Work to be completed: Print the data that follows word for word, leaving out any picture.

Provided records:
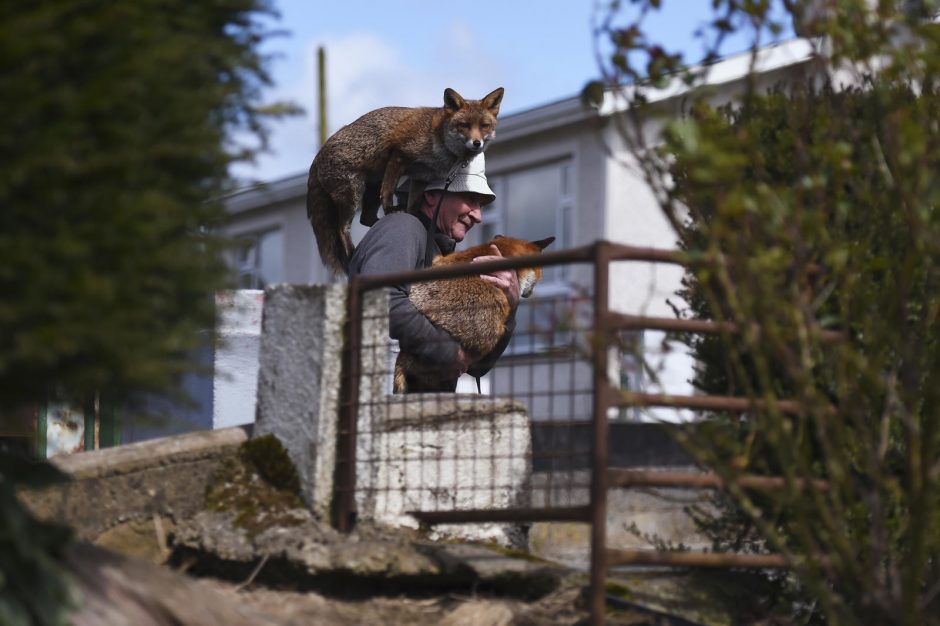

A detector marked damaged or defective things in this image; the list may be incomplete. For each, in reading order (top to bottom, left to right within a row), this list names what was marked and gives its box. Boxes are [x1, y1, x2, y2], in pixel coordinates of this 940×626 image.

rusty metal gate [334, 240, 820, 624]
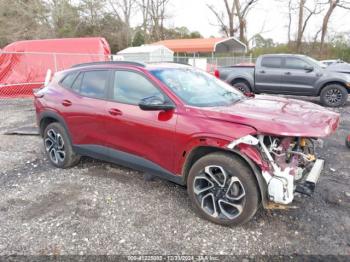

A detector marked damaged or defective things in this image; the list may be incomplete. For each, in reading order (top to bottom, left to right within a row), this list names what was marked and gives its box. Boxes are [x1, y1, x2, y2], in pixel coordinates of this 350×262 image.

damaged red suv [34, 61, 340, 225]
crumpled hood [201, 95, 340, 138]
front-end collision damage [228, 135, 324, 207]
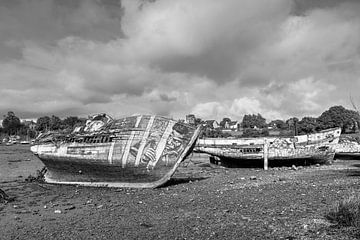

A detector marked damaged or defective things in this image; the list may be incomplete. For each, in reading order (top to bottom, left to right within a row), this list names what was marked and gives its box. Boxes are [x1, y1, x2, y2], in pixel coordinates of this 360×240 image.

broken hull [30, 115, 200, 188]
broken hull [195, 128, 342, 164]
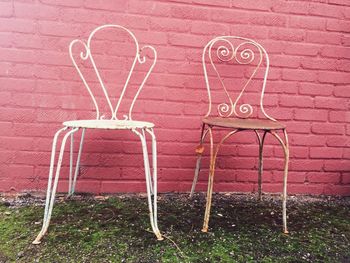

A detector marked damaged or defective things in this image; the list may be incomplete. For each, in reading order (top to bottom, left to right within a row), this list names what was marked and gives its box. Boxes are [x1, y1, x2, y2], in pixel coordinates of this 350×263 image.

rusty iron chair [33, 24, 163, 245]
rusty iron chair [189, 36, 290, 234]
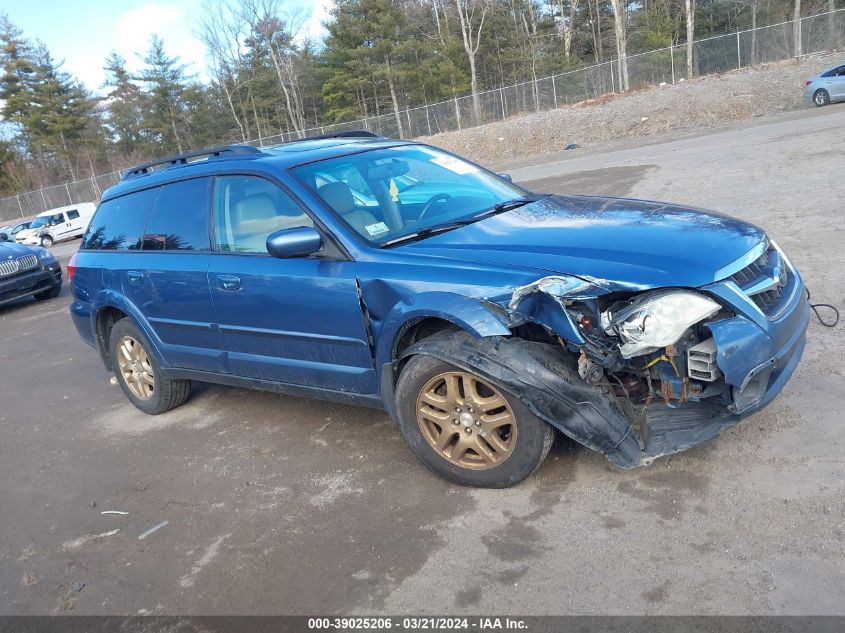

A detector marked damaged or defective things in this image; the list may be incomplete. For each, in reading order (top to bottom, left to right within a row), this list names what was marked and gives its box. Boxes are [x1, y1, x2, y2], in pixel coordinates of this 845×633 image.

Exercise result:
A detector marked damaged or defective things in this image; the list may be incomplete. For each, in reading order (top to bottom, left to right within a row), this list names what was marked and gives its box. Boxes are [x1, y1, x2, y2], in pixel coordinates of this 940×626 image.

rusty metal gate [334, 240, 820, 624]

A detector marked damaged or defective things in this image; the list may be incomplete. For each, in reading order (top to bottom, left to right within a row), this list names what was marked and gives its box. Boxes are [x1, y1, x2, y2], in pixel coordinates of this 350×262 image.

damaged red suv [34, 61, 340, 225]
crumpled hood [201, 95, 340, 138]
front-end collision damage [228, 135, 324, 207]

A detector marked damaged or defective things in this image; the list may be incomplete. For each, in reading order (top to bottom, left to right within a row), this list names what was marked and gives its box. Boxes are [x1, y1, x2, y2], in pixel coordinates of this 360×240 image.

broken hull [30, 115, 200, 188]
broken hull [195, 128, 342, 164]

A detector marked damaged or defective things in this image; the list may be incomplete. For each, in reading order (top to bottom, left to right within a row), this list names what was marked and gives its box. Boxes are [x1, y1, x2, y2], in pixel coordinates of this 350×263 image.

rusty iron chair [33, 24, 163, 245]
rusty iron chair [189, 36, 290, 234]

A detector marked damaged or defective things in this image; the list may be incomplete. For each, in reading order (top to bottom, left to right within a row), this list names what was marked and gives its box. Boxes are [x1, y1, x2, y2], in pixel coordinates of this 845×633 image.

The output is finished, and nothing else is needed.